What you are asked to do. Exactly the lines below from the line with "Corona JT SPROCKETS" through the line with "Pink Marble Waterproof" must make up the answer, both ends included and pictures left out.

Material supplied.
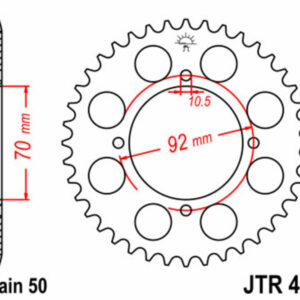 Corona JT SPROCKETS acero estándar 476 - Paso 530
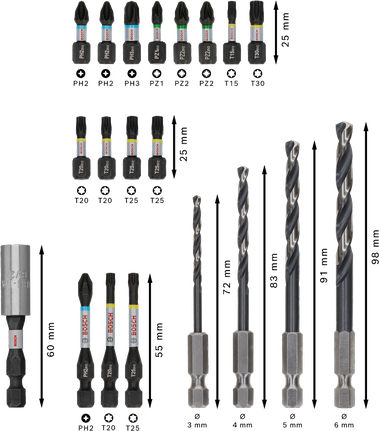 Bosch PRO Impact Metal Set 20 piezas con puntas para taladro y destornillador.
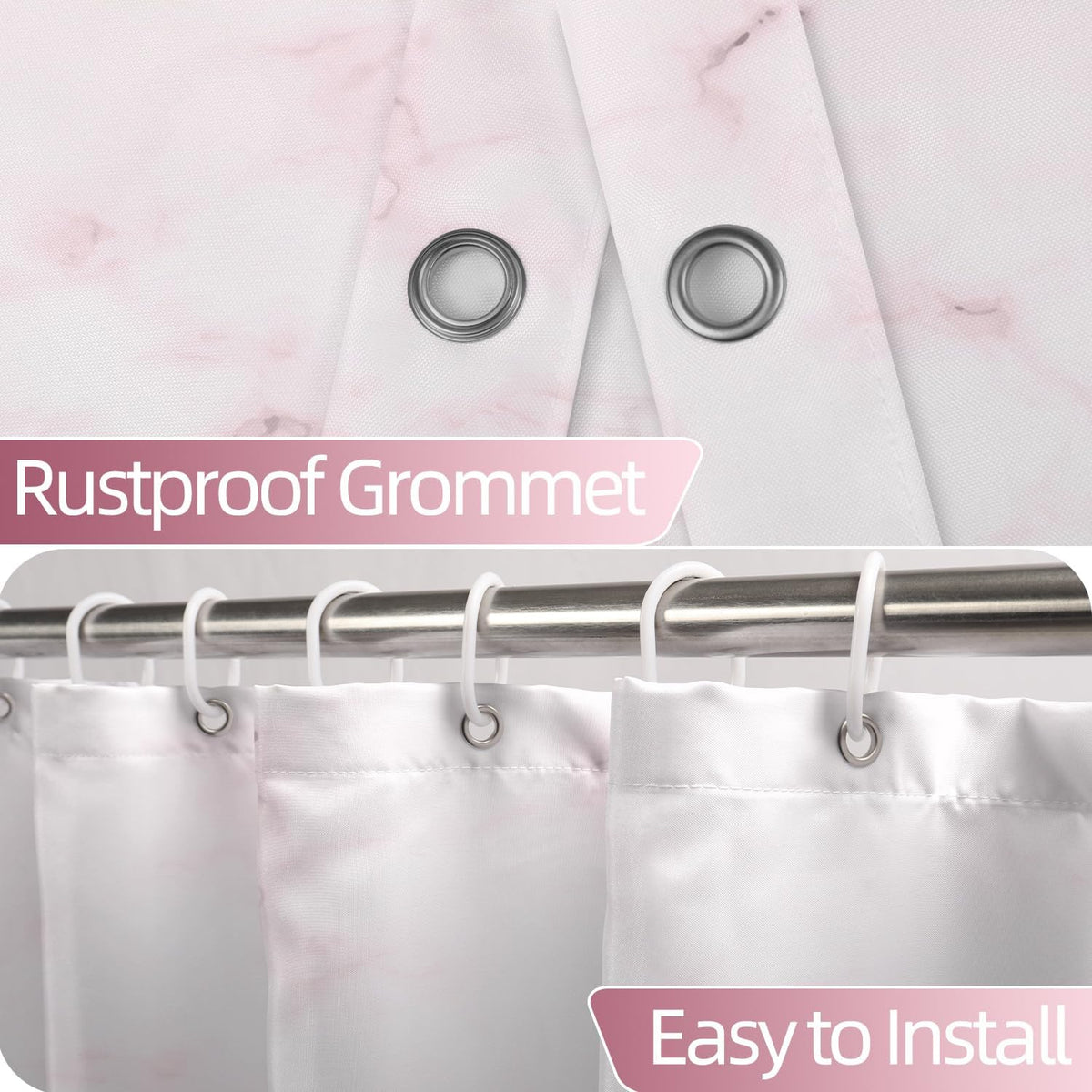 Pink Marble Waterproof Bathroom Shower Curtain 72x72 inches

...

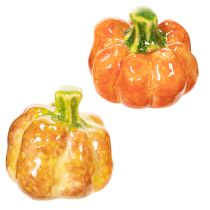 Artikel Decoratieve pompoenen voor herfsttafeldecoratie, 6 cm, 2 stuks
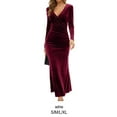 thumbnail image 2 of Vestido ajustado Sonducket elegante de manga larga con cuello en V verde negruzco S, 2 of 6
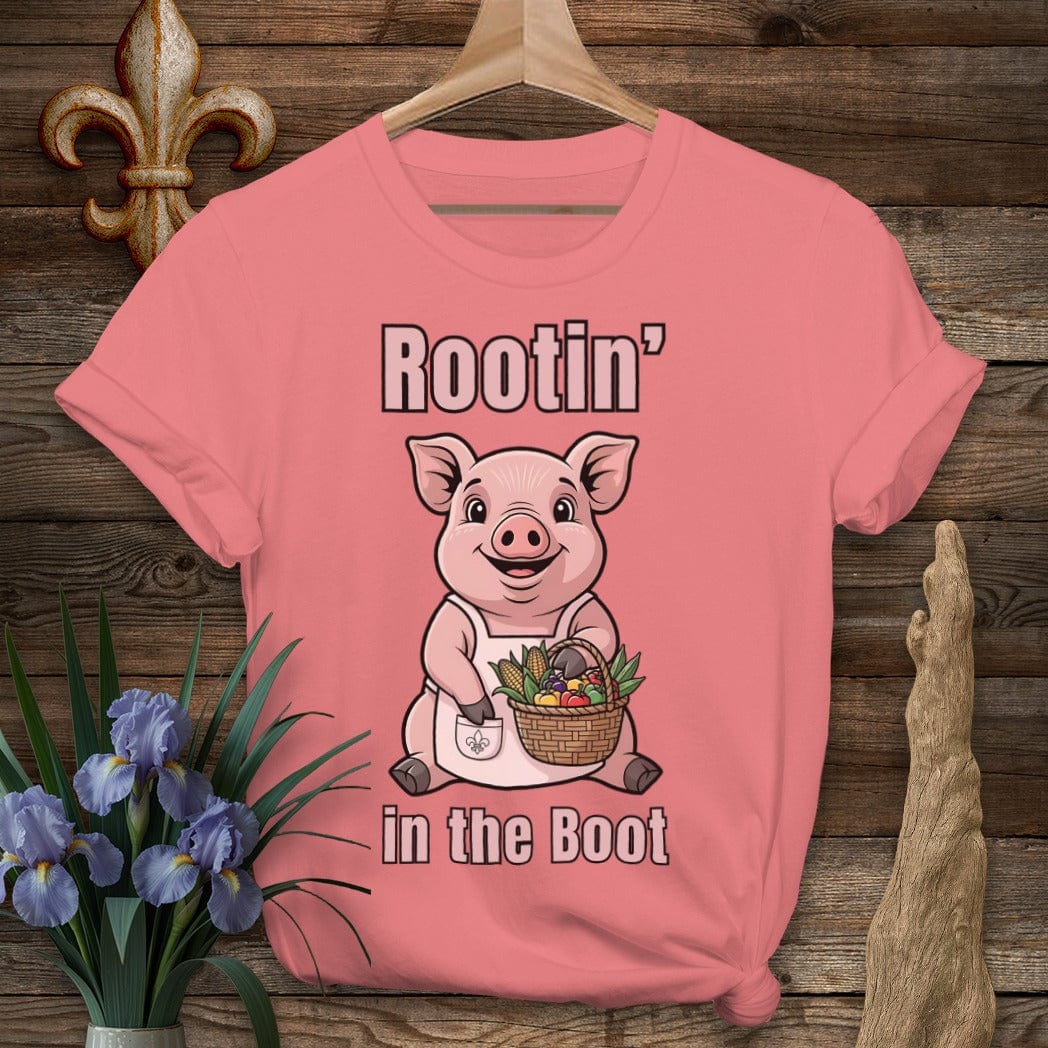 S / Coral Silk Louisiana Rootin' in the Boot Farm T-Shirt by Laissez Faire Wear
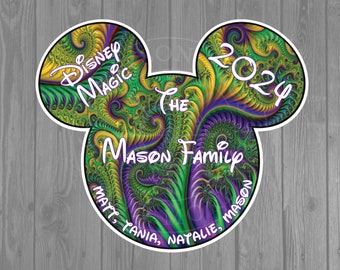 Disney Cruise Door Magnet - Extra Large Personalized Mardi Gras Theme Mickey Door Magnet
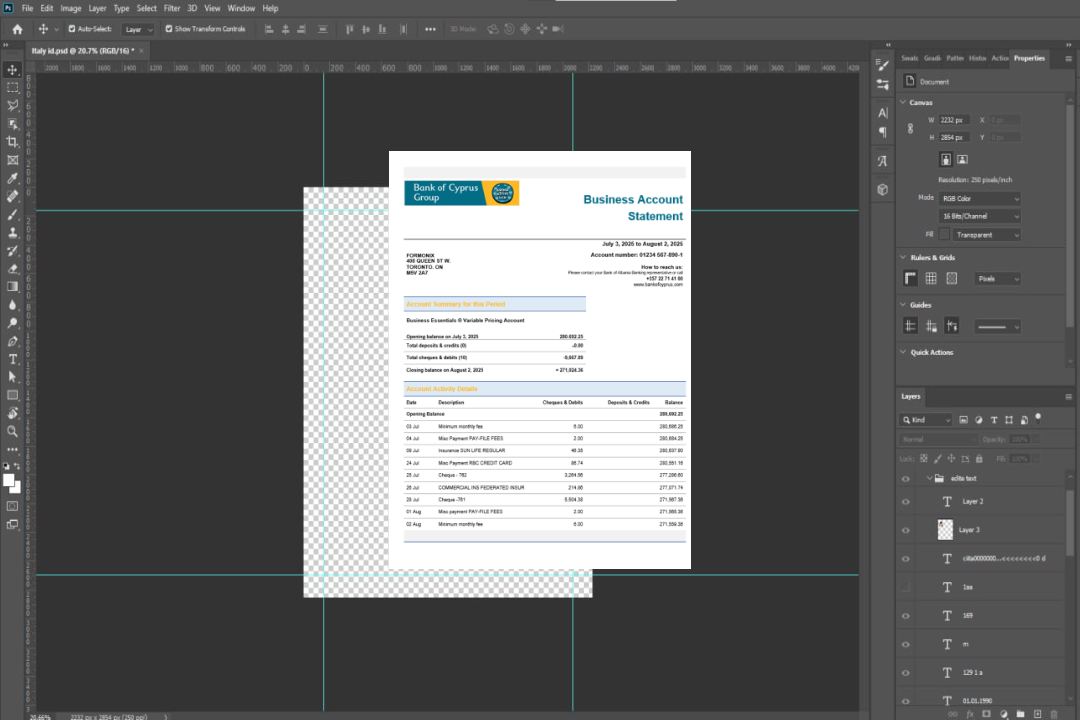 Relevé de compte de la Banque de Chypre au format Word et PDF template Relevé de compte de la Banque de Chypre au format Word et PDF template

Output.
 Corona JT SPROCKETS acero estándar 476 - Paso 530
 Bosch PRO Impact Metal Set 20 piezas con puntas para taladro y destornillador.
 Pink Marble Waterproof Bathroom Shower Curtain 72x72 inches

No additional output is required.